**Problem**
Reproduce all records exactly.

===============

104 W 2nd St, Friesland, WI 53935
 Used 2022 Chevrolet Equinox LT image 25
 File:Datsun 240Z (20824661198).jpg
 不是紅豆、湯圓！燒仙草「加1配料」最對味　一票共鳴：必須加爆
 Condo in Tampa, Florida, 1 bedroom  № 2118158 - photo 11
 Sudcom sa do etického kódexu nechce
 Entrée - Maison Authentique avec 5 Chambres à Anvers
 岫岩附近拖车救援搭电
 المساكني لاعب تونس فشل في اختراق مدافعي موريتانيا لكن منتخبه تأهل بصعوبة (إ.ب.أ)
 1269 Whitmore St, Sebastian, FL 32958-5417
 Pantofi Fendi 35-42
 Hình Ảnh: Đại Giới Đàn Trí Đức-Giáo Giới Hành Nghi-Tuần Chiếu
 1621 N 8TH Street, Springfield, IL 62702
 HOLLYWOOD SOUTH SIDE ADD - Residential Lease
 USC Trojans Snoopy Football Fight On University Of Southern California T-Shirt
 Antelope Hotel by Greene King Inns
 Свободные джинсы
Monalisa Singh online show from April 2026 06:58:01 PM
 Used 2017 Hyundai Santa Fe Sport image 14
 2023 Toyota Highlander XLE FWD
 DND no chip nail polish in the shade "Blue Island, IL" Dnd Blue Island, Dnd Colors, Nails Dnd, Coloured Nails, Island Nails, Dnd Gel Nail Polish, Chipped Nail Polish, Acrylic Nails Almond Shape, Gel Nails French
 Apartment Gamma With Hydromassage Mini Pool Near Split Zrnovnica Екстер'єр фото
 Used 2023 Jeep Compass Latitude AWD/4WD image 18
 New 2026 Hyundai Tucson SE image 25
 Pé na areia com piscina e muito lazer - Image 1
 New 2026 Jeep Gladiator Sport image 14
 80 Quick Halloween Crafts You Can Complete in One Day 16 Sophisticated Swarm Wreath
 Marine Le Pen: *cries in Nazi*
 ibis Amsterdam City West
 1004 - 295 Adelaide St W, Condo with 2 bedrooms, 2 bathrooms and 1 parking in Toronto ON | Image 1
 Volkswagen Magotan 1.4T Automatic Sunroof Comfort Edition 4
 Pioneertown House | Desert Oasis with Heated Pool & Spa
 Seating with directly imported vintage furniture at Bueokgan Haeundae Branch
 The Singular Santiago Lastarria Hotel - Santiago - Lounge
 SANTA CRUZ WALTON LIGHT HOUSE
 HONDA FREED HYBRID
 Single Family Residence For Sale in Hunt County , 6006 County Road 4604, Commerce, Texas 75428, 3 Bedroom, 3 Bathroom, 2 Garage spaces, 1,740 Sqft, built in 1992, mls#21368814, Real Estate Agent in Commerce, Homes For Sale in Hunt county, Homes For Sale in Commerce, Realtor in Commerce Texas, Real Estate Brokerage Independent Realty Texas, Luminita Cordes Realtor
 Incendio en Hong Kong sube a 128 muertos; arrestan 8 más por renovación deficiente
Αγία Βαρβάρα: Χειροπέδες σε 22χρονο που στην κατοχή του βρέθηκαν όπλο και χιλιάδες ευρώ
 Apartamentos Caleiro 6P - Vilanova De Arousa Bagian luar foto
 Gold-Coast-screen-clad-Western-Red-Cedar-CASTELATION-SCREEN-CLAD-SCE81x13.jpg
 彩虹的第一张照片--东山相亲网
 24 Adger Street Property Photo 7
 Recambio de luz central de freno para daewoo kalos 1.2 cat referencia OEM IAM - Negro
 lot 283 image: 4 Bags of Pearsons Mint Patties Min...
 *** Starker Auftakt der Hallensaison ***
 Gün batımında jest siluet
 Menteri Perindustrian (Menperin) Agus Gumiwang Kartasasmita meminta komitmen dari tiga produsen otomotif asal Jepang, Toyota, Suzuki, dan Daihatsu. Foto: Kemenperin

===============

**Solution for this task**
104 W 2nd St, Friesland, WI 53935
 Used 2022 Chevrolet Equinox LT image 25
 File:Datsun 240Z (20824661198).jpg
 不是紅豆、湯圓！燒仙草「加1配料」最對味　一票共鳴：必須加爆
 Condo in Tampa, Florida, 1 bedroom  № 2118158 - photo 11
 Sudcom sa do etického kódexu nechce
 Entrée - Maison Authentique avec 5 Chambres à Anvers
 岫岩附近拖车救援搭电
 المساكني لاعب تونس فشل في اختراق مدافعي موريتانيا لكن منتخبه تأهل بصعوبة (إ.ب.أ)
 1269 Whitmore St, Sebastian, FL 32958-5417
 Pantofi Fendi 35-42
 Hình Ảnh: Đại Giới Đàn Trí Đức-Giáo Giới Hành Nghi-Tuần Chiếu
 1621 N 8TH Street, Springfield, IL 62702
 HOLLYWOOD SOUTH SIDE ADD - Residential Lease
 USC Trojans Snoopy Football Fight On University Of Southern California T-Shirt
 Antelope Hotel by Greene King Inns
 Свободные джинсы
Monalisa Singh online show from April 2026 06:58:01 PM
 Used 2017 Hyundai Santa Fe Sport image 14
 2023 Toyota Highlander XLE FWD
 DND no chip nail polish in the shade "Blue Island, IL" Dnd Blue Island, Dnd Colors, Nails Dnd, Coloured Nails, Island Nails, Dnd Gel Nail Polish, Chipped Nail Polish, Acrylic Nails Almond Shape, Gel Nails French
 Apartment Gamma With Hydromassage Mini Pool Near Split Zrnovnica Екстер'єр фото
 Used 2023 Jeep Compass Latitude AWD/4WD image 18
 New 2026 Hyundai Tucson SE image 25
 Pé na areia com piscina e muito lazer - Image 1
 New 2026 Jeep Gladiator Sport image 14
 80 Quick Halloween Crafts You Can Complete in One Day 16 Sophisticated Swarm Wreath
 Marine Le Pen: *cries in Nazi*
 ibis Amsterdam City West
 1004 - 295 Adelaide St W, Condo with 2 bedrooms, 2 bathrooms and 1 parking in Toronto ON | Image 1
 Volkswagen Magotan 1.4T Automatic Sunroof Comfort Edition 4
 Pioneertown House | Desert Oasis with Heated Pool & Spa
 Seating with directly imported vintage furniture at Bueokgan Haeundae Branch
 The Singular Santiago Lastarria Hotel - Santiago - Lounge
 SANTA CRUZ WALTON LIGHT HOUSE
 HONDA FREED HYBRID
 Single Family Residence For Sale in Hunt County , 6006 County Road 4604, Commerce, Texas 75428, 3 Bedroom, 3 Bathroom, 2 Garage spaces, 1,740 Sqft, built in 1992, mls#21368814, Real Estate Agent in Commerce, Homes For Sale in Hunt county, Homes For Sale in Commerce, Realtor in Commerce Texas, Real Estate Brokerage Independent Realty Texas, Luminita Cordes Realtor
 Incendio en Hong Kong sube a 128 muertos; arrestan 8 más por renovación deficiente
Αγία Βαρβάρα: Χειροπέδες σε 22χρονο που στην κατοχή του βρέθηκαν όπλο και χιλιάδες ευρώ
 Apartamentos Caleiro 6P - Vilanova De Arousa Bagian luar foto
 Gold-Coast-screen-clad-Western-Red-Cedar-CASTELATION-SCREEN-CLAD-SCE81x13.jpg
 彩虹的第一张照片--东山相亲网
 24 Adger Street Property Photo 7
 Recambio de luz central de freno para daewoo kalos 1.2 cat referencia OEM IAM - Negro
 lot 283 image: 4 Bags of Pearsons Mint Patties Min...
 *** Starker Auftakt der Hallensaison ***
 Gün batımında jest siluet
 Menteri Perindustrian (Menperin) Agus Gumiwang Kartasasmita meminta komitmen dari tiga produsen otomotif asal Jepang, Toyota, Suzuki, dan Daihatsu. Foto: Kemenperin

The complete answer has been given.